'Don't wait': Groom's wedding vows used in his obituary instead

·3 min read

“If I had my life to live over again, I’d find you sooner so I could love you longer."

Those are the words Mike Bulmer wanted to tell his wife on their wedding day, but he was too sick with an aggressive cancer that would take his life less than two months after his diagnosis.

Instead, his vows to Karen Doyle-Bulmer became part of his obituary.

His wife says he did get his dying wish - not to leave this world without marrying her.

The couple's October wedding was planned in less than six days, shortly after Bulmer was diagnosed with bile duct cancer.

They wed in her ground floor apartment in Riverview. Pandemic restrictions meant only 10 guests were allowed; others who loved them looked on through the window from the parking lot outside, she said

It wasn’t a good day health-wise for Mike, Doyle-Bulmer said. He had been a bit better the day before and would be a bit stronger the day after, but on their wedding day, his strength was gone by 5:30 p.m. and he had to go back to bed. The wedding was short, simple and not what they had hoped for when he first proposed, she said.
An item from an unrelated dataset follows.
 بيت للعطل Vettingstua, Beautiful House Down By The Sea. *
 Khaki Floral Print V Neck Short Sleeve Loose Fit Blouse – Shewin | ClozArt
Getting married in 2020 had always been on the cards, said Doyle-Bulmer. Mike proposed to her in St. Martins in 2019, and they planned to marry in August 2020, followed by a honeymoon in Ireland. Her save-the-date cards had only just arrived in March when COVID did too, and the province began to shut down.

“COVID put an end to those plans,” she said.

Mike became noticeably ill in the summer and received the official cancer diagnosis on Oct. 19, 2020, she said. “It was an extremely aggressive cancer," she said, noting by that time "it had already metastasized to his pancreas, stomach and small bowel.”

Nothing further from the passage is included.